An Oracle lawsuit filed last week could serve as a cautionary message to hardware partners that wish to do business with the vendor: Secure your buildings.
Multis had an existing contract with Sun Microsystems, which Oracle purchased earlier this year, for various services related to remanufacturing Sun technology, according to the suit filed November 9 in US District Court for the Northern District of California. Multis' responsibilities included refurbishing systems and distributing products to various sites around the world.
Under the deal, Multis was liable for losses or damage to any products caused by its failure to follow security guidelines established by Sun, the complaint states. Those rules included requiring a closed-circuit camera system as well as an alarm system for the facilities used.
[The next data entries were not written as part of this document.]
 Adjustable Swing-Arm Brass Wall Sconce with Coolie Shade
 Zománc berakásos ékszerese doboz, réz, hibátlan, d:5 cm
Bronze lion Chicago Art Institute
In July 2009, a warehouse run by Multis was burglarised, with 36 disk drives and four CPU modules stolen. A security firm working for Oracle conducted an investigation of the theft. As a result, Multis "undertook to make certain improvements to its existing security measures," the complaint states.
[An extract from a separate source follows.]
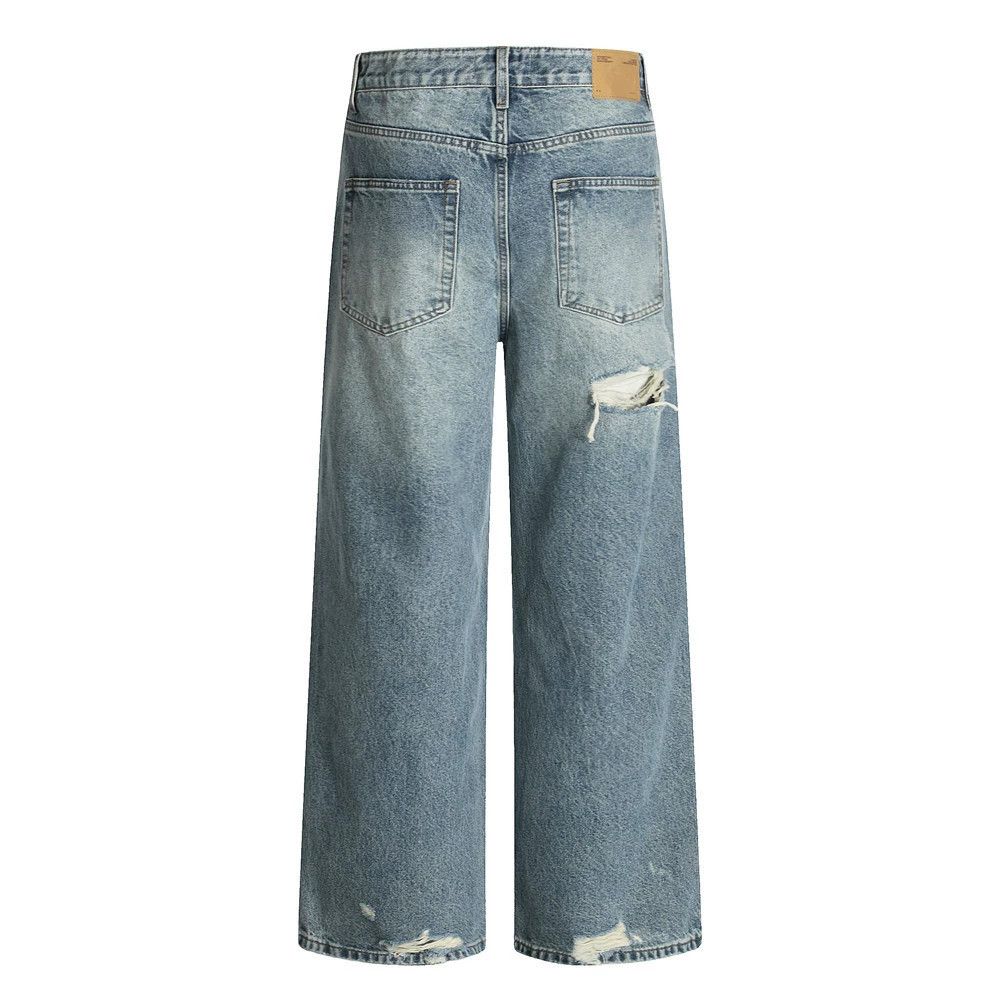 Japanese Brand × Jean Washed distressed loose men's punk ripped jeans Size US 32 / EU 48 - 2 Thumbnail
But in April of this year, the site was once again burgled. Thieves gained entry by breaking a window and then used clippers to snip through a cage containing Oracle products. They snatched about 1,450 memory modules worth roughly $61,500, according to the complaint.
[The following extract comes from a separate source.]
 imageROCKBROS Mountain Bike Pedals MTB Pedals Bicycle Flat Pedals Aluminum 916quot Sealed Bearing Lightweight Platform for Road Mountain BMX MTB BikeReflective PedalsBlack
This event prompted another visit from Oracle's security contractors, who found that Multis hadn't finished the security improvements planned after the initial theft, the complaint states. Security film had been installed on some windows but not all of them, including the one used by burglars to get into the warehouse.
Oracle ordered Multis to remedy that shortcoming as well as make other adjustments, such as tweaking the closed circuit camera system to get better images of intruders. The demands also included "consideration of steel bars for additional security at window openings," the complaint adds.
Still, a third burglary occurred in May. Security film had been placed on all windows, but "Multis had not installed iron bars or taken other steps to secure the stripping that held the windows in place," it states. The suspects removed the stripping and were able to get through the window, it adds.
This time, thieves took 4,876 memory modules worth $267,244, according to Oracle. Another security review found that Multis was still not compliant with its security obligations, the complaint states.
Multis was also contractually obligated to obtain insurance that would cover such losses. Oracle's complaint alleges the company has failed to do so. Oracle is seeking damages of at least $328,742 plus interest and legal costs.
Oracle spokeswoman Deborah Hellinger declined comment. Multis did not immediately respond to a request for comment.